Lines holding the string "Photo" in the listing below are to be copied.

━━━ Exercise data ━━━

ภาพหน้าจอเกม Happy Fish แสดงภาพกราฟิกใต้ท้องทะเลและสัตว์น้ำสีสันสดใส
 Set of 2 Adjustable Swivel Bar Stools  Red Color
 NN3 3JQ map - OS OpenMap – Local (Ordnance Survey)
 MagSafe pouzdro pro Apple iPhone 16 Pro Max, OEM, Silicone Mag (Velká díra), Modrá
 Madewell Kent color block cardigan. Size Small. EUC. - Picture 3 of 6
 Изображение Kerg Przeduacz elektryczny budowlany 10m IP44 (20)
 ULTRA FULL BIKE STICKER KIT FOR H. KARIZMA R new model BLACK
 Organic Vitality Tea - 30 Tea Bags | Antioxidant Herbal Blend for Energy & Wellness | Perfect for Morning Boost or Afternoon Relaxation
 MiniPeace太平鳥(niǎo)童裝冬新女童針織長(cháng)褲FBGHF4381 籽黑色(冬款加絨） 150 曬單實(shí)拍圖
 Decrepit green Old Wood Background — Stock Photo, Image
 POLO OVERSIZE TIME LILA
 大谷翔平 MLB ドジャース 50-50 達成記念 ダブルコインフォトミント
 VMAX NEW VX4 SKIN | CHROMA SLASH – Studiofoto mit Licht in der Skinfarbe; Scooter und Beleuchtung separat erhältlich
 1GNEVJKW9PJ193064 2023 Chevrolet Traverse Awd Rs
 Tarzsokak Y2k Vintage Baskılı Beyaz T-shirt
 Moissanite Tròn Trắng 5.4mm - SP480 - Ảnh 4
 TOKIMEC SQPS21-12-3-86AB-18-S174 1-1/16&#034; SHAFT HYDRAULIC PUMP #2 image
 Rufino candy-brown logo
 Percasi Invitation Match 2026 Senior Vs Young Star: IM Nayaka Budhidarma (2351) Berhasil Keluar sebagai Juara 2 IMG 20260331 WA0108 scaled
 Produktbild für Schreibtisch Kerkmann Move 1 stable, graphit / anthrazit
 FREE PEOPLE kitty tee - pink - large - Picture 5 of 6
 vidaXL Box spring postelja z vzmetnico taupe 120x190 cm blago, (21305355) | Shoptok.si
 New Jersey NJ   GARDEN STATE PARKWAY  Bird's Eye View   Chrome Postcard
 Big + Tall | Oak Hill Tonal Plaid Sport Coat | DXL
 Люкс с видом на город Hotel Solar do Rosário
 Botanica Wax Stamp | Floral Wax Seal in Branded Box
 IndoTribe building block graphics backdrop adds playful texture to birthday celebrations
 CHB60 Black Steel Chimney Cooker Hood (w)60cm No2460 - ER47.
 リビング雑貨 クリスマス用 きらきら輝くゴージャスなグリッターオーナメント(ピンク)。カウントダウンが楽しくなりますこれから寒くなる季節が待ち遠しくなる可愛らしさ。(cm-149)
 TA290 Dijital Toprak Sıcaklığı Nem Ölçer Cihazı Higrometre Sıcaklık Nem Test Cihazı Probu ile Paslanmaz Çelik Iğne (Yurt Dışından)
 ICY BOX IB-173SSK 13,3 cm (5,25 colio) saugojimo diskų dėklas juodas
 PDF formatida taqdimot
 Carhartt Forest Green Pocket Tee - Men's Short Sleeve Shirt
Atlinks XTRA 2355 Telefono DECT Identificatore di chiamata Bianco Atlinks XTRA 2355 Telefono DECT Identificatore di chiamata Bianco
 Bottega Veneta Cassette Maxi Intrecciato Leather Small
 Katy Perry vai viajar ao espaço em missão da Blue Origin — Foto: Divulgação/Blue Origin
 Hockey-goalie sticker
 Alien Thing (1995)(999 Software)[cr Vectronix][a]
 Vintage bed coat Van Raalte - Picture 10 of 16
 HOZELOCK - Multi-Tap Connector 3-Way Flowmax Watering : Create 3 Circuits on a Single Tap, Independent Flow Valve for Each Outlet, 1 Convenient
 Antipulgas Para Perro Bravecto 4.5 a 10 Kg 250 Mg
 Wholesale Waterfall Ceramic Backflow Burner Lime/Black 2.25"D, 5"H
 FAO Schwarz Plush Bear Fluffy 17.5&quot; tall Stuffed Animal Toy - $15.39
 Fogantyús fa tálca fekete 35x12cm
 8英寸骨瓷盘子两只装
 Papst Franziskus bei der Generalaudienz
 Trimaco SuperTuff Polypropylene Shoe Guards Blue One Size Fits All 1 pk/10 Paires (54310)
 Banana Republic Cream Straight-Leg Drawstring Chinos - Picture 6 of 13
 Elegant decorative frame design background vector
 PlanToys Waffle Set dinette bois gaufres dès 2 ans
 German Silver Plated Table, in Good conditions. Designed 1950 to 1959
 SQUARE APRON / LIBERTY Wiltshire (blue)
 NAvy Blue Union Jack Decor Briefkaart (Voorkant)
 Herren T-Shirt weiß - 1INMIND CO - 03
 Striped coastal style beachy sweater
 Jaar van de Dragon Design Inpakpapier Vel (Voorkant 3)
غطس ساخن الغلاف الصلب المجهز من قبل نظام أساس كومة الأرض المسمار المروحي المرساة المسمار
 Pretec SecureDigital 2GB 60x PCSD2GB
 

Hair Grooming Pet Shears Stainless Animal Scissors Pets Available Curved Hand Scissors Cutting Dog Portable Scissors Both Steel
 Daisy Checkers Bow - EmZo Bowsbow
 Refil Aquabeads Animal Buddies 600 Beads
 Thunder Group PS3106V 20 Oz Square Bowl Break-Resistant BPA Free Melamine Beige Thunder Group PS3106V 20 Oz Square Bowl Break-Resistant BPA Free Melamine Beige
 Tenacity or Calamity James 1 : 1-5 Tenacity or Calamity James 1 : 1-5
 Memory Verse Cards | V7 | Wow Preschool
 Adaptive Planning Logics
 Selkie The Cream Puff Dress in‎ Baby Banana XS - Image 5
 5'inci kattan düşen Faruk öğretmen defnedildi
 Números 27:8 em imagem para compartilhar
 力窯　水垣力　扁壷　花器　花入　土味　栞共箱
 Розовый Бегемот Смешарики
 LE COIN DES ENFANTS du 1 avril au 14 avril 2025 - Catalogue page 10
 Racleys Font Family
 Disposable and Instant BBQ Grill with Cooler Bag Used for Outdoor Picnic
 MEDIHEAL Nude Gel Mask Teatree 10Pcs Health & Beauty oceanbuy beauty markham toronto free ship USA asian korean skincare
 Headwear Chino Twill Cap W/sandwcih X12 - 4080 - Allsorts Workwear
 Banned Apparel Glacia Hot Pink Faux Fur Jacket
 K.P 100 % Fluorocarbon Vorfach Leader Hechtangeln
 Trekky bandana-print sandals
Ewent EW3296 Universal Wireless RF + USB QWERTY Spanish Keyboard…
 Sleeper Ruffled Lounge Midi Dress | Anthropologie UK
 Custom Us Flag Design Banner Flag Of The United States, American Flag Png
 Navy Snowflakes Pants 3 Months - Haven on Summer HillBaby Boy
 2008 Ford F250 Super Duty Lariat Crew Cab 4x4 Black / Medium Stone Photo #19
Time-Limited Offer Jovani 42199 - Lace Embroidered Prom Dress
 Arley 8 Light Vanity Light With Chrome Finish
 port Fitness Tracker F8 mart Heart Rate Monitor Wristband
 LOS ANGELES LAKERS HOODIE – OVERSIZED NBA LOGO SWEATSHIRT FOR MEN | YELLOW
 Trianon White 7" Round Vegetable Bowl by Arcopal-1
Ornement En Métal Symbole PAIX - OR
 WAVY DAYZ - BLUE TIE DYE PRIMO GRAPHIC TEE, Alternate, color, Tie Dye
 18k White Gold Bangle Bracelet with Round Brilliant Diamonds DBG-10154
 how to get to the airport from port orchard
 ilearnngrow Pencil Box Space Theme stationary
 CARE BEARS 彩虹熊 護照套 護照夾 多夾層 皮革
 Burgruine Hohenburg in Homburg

━━━

### Your response
 Decrepit green Old Wood Background — Stock Photo, Image
 2008 Ford F250 Super Duty Lariat Crew Cab 4x4 Black / Medium Stone Photo #19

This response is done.